_WHAT THIS TASK INVOLVES_:
From the entries below, output the line with "ADAPTADOR GIRATORIO 1 TOMA BLANCO" and each following line up to and including the line with "Plus Size Stretch Lace Girl Dress", exactly as written.
----- DATA SUPPLIED -----
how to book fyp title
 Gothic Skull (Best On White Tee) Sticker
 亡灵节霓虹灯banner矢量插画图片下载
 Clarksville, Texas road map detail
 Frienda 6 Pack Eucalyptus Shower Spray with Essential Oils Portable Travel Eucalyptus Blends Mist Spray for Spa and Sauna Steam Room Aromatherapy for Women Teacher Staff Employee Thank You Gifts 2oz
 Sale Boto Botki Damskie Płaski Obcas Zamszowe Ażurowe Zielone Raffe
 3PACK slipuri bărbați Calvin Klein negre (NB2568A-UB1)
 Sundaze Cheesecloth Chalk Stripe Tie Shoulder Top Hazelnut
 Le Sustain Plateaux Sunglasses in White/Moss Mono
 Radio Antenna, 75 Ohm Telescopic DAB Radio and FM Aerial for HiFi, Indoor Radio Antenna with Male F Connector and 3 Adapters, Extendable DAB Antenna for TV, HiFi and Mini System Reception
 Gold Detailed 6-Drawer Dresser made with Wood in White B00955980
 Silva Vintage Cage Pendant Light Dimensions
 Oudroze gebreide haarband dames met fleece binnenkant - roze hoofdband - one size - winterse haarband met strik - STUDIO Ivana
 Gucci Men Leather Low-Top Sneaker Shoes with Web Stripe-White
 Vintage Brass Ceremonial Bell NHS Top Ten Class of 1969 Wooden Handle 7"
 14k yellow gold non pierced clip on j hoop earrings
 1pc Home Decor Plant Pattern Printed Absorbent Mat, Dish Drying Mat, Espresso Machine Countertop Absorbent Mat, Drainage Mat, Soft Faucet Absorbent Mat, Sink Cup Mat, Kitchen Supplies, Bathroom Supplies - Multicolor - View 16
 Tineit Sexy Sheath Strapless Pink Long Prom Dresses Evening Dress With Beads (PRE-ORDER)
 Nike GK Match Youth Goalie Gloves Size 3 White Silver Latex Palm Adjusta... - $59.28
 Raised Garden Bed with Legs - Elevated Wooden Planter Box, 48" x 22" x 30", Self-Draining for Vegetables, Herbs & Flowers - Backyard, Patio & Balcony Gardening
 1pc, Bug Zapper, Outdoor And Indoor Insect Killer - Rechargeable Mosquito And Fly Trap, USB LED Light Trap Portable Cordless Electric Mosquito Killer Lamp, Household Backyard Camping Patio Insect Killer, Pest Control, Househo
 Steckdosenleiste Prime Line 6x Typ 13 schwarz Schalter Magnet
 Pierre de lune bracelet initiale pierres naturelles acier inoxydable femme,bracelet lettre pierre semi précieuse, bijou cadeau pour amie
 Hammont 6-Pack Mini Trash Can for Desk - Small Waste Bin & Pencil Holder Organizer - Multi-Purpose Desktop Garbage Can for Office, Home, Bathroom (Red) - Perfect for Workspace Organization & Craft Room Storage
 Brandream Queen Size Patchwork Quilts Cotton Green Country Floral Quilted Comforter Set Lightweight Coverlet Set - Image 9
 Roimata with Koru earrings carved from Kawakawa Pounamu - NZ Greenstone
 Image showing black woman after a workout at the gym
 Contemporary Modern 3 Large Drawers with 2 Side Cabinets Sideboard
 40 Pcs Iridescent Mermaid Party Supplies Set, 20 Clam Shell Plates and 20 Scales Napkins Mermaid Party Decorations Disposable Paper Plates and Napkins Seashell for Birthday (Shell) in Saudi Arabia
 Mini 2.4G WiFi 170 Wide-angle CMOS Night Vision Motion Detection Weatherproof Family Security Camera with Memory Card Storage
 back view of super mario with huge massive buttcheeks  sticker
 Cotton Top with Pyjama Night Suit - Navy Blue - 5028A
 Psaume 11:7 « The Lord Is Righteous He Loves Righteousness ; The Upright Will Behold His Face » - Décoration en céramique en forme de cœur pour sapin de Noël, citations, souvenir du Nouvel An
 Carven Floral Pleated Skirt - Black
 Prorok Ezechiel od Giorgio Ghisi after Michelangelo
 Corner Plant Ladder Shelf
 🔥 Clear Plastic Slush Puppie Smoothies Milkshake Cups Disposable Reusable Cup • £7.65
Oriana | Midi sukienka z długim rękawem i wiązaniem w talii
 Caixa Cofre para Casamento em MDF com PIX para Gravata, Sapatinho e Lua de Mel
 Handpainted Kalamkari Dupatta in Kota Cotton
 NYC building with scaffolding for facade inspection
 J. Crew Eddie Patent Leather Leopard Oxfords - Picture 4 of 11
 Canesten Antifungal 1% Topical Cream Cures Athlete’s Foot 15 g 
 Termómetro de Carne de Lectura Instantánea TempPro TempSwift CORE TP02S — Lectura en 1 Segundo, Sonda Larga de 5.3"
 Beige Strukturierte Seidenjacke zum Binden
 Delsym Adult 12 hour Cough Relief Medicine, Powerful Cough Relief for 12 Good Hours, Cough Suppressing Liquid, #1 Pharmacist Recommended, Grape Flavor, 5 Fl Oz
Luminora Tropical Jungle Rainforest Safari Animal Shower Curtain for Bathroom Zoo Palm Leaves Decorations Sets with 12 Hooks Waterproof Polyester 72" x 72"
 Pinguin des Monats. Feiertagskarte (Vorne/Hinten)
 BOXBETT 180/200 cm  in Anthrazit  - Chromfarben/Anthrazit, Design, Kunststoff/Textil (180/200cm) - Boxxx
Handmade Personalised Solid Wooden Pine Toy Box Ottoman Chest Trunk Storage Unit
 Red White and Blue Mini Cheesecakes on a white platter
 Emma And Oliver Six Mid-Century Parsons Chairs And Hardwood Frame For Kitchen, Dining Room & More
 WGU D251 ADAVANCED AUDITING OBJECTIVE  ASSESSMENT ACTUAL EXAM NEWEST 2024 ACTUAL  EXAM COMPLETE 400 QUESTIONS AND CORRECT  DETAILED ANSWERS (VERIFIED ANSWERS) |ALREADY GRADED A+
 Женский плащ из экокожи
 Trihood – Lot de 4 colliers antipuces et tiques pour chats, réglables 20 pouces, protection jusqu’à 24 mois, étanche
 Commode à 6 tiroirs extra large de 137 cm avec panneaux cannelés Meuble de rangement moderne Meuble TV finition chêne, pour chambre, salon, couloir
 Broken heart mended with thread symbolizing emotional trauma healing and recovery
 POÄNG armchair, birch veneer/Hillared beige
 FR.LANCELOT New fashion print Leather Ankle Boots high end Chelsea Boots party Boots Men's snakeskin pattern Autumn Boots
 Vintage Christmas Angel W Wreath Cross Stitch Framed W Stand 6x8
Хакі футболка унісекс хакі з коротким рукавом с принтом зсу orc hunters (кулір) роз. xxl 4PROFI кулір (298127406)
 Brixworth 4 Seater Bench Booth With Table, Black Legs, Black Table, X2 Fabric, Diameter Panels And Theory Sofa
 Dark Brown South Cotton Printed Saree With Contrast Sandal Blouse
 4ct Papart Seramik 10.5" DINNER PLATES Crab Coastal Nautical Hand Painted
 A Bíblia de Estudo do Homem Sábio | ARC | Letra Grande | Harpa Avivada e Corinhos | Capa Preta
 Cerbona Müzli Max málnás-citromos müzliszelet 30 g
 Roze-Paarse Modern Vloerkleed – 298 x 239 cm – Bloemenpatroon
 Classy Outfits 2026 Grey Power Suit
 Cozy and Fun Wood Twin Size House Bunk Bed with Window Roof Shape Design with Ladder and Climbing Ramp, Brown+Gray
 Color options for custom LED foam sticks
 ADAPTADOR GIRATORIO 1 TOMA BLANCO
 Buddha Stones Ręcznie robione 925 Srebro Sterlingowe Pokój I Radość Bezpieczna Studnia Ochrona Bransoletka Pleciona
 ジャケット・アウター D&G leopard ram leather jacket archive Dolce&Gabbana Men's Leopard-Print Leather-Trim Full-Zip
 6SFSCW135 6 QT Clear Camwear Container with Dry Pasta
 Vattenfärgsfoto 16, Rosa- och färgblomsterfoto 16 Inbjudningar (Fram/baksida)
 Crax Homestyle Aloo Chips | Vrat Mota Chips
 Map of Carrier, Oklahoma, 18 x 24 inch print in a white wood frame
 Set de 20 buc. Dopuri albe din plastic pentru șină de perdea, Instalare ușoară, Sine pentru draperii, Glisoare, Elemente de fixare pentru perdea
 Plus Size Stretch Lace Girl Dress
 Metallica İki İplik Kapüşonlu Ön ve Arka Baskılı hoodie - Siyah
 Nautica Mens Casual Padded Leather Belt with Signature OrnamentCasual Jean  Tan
-----
_OUTPUT FOR THIS TASK_:
 ADAPTADOR GIRATORIO 1 TOMA BLANCO
 Buddha Stones Ręcznie robione 925 Srebro Sterlingowe Pokój I Radość Bezpieczna Studnia Ochrona Bransoletka Pleciona
 ジャケット・アウター D&G leopard ram leather jacket archive Dolce&Gabbana Men's Leopard-Print Leather-Trim Full-Zip
 6SFSCW135 6 QT Clear Camwear Container with Dry Pasta
 Vattenfärgsfoto 16, Rosa- och färgblomsterfoto 16 Inbjudningar (Fram/baksida)
 Crax Homestyle Aloo Chips | Vrat Mota Chips
 Map of Carrier, Oklahoma, 18 x 24 inch print in a white wood frame
 Set de 20 buc. Dopuri albe din plastic pentru șină de perdea, Instalare ușoară, Sine pentru draperii, Glisoare, Elemente de fixare pentru perdea
 Plus Size Stretch Lace Girl Dress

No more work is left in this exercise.